Maka, ketika seseorang menyebut klan Ba’alwi sebagai keturunan Yahudi Ashkenazi, itu bukan bentuk pengkafiran, melainkan pernyataan berdasarkan hasil riset genetika, bukan dogma agama. Ini memperjelas peta leluhur mereka — yang ternyata tidak berasal dari jalur keluarga Nabi Muhammad SAW yang secara genetika tergolong dalam haplogroup J1, sebagaimana dibuktikan oleh berbagai studi genetika dari para pakar seperti Dr. Michael Hammer, Dr. Karl Skorecki, dan peneliti lokal seperti Dr. Sugeng Sugiarto.

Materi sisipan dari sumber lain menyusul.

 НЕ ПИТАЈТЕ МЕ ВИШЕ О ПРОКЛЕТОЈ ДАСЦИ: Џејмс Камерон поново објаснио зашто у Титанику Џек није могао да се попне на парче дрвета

Justru pendekatan ini mengajak publik untuk bersikap objektif, berpikir jernih, dan tidak larut dalam romantisme nasab tanpa verifikasi ilmiah. Silsilah harus dibuka sebagai wacana terbuka yang bisa diuji, bukan doktrin yang tak boleh disentuh.
Dalam era sains dan transparansi, kebenaran silsilah bukan ditentukan oleh “syuhrah” (popularitas) atau “istifadhoh” (tradisi lisan), tetapi oleh data, bukti, dan ketelitian ilmiah. Dengan demikian, menyebut klan Ba’alwi sebagai Yahudi Ashkenazi bukanlah tuduhan, tapi klarifikasi. Bukan penghinaan, tapi penegasan fakta.
Dan seperti kata pepatah Arab: “Al-haqq la yu’rafu bir-rijal, wa lakin ar-rijal yu’rafuna bil-haqq” — Kebenaran bukan diukur dari orang-orang, melainkan orang-oranglah yang diukur dengan kebenaran.